Am. Society Ass'n Ex'v. v. USA., 98-5563

Decision Date09 November 1999
Docket NumberNo. 98-5563,98-5563
Citation195 F.3d 47
Parties(D.C. Cir. 1999) American Society of Association Executives, Appellant v. United States of America, Appellee
CourtU.S. Court of Appeals — District of Columbia Circuit

Appeal from the United States District Court for the District of Columbia(No. 95cv00918)

Nory Miller argued the cause for appellant. With her on the briefs were Bruce J. Ennis, Jr., and Jerald A. Jacobs.

Steven W. Parks, Attorney, U.S. Department of Justice, argued the cause for appellee. With him on the brief were Loretta C. Argrett, Assistant Attorney General, Kenneth L. Greene, Attorney, and Wilma A. Lewis, U.S. Attorney. Thomas J. Clark, Attorney, U.S. Department of Justice, entered an appearance.

Before: Edwards, Chief Judge, Wald and Williams, Circuit Judges.

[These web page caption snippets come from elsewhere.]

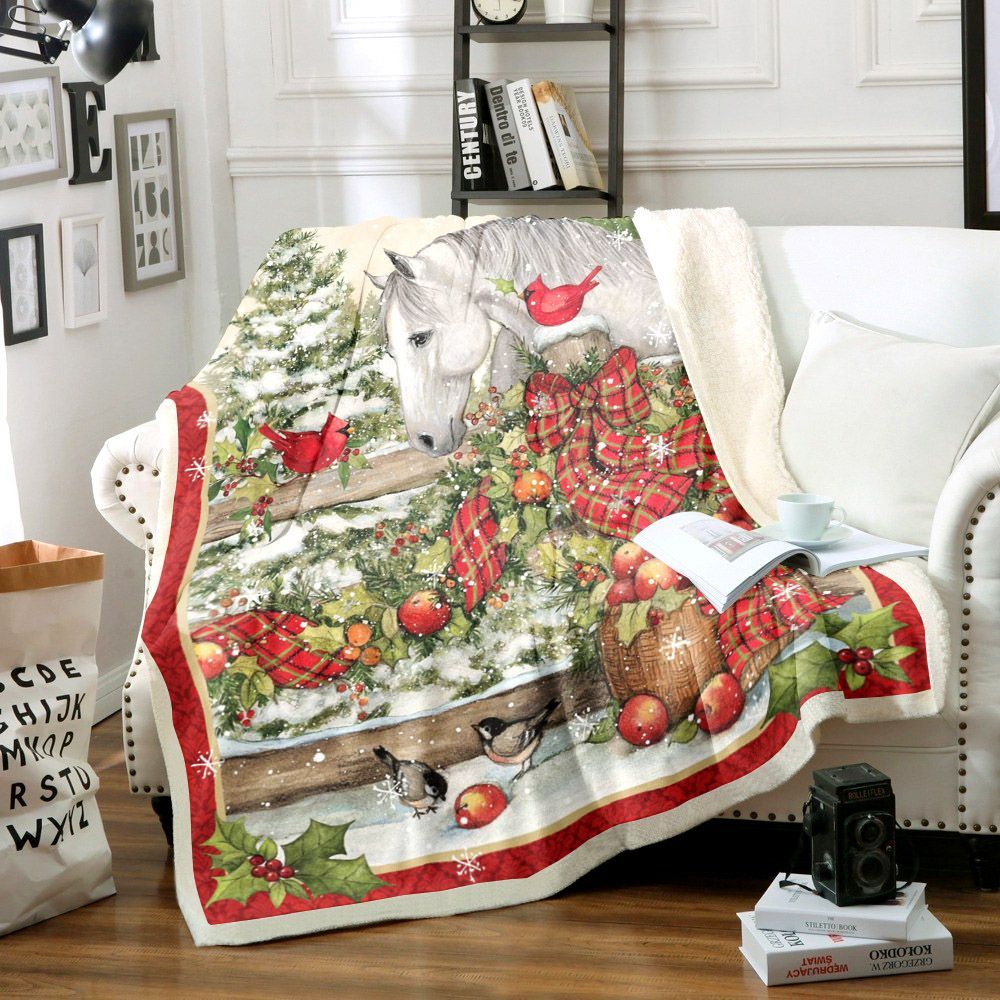 Horse And Cardinal Christmas Sherpa Fleece Blanket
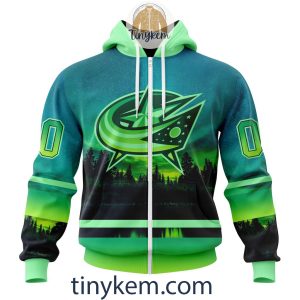 Columbus Blue Jackets With Special Northern Light Design 3D Hoodie Tshirt2B2 4LfIa
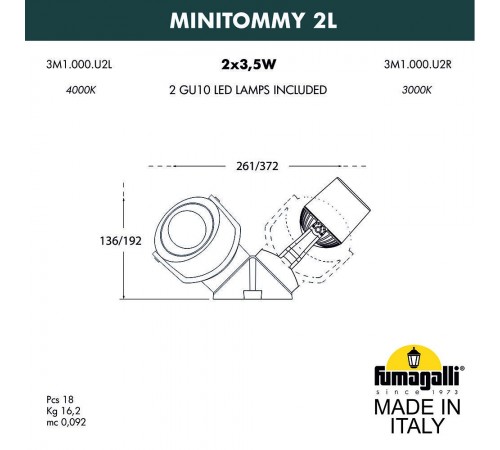 Светильник на штанге Fumagalli 3M1.000.000.AXU2L Minitommy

Opinion for the Court filed by Circuit Judge Williams.

Williams, Circuit Judge:

Before its amendment by the Omnibus Budget Reconciliation Act of 1993, Pub. L. No. 103-66 (the "1993 Act" or the "Act"), 162(e) of the Internal Revenue Code ("I.R.C.") allowed businesses to deduct their direct lobbying expenditures as business expenses. In the 1993 Act, Congress amended I.R.C. 162(e) so that lobbying expenses would no longer be deductible. 26 U.S.C. 162(e) (1994). It also enacted several additional provisions to ensure that taxpayers could not evade the force of the Act by paying dues to tax-exempt organizations that would then conduct the desired lobbying activities. The American Society of Association Executives, a tax-exempt trade association that lobbies on behalf of its members, filed suit, alleging that these provisions placed an affirmative burden on its right to lobby, in violation of the First Amendment. The district court rejected the constitutional challenge and granted the government's motion for summary judgment; we affirm.

* * *

Under the 1993 Act, a tax-exempt organization that engages in lobbying activities and is funded in part by membership dues and other contributions may either pay a tax on its lobbying activities (the so-called "proxy tax"), or may follow "flow-through provisions" aimed at making sure no contributor or dues payer takes a deduction with respect to funds used for lobbying. 26 U.S.C. 6033(e) (1994).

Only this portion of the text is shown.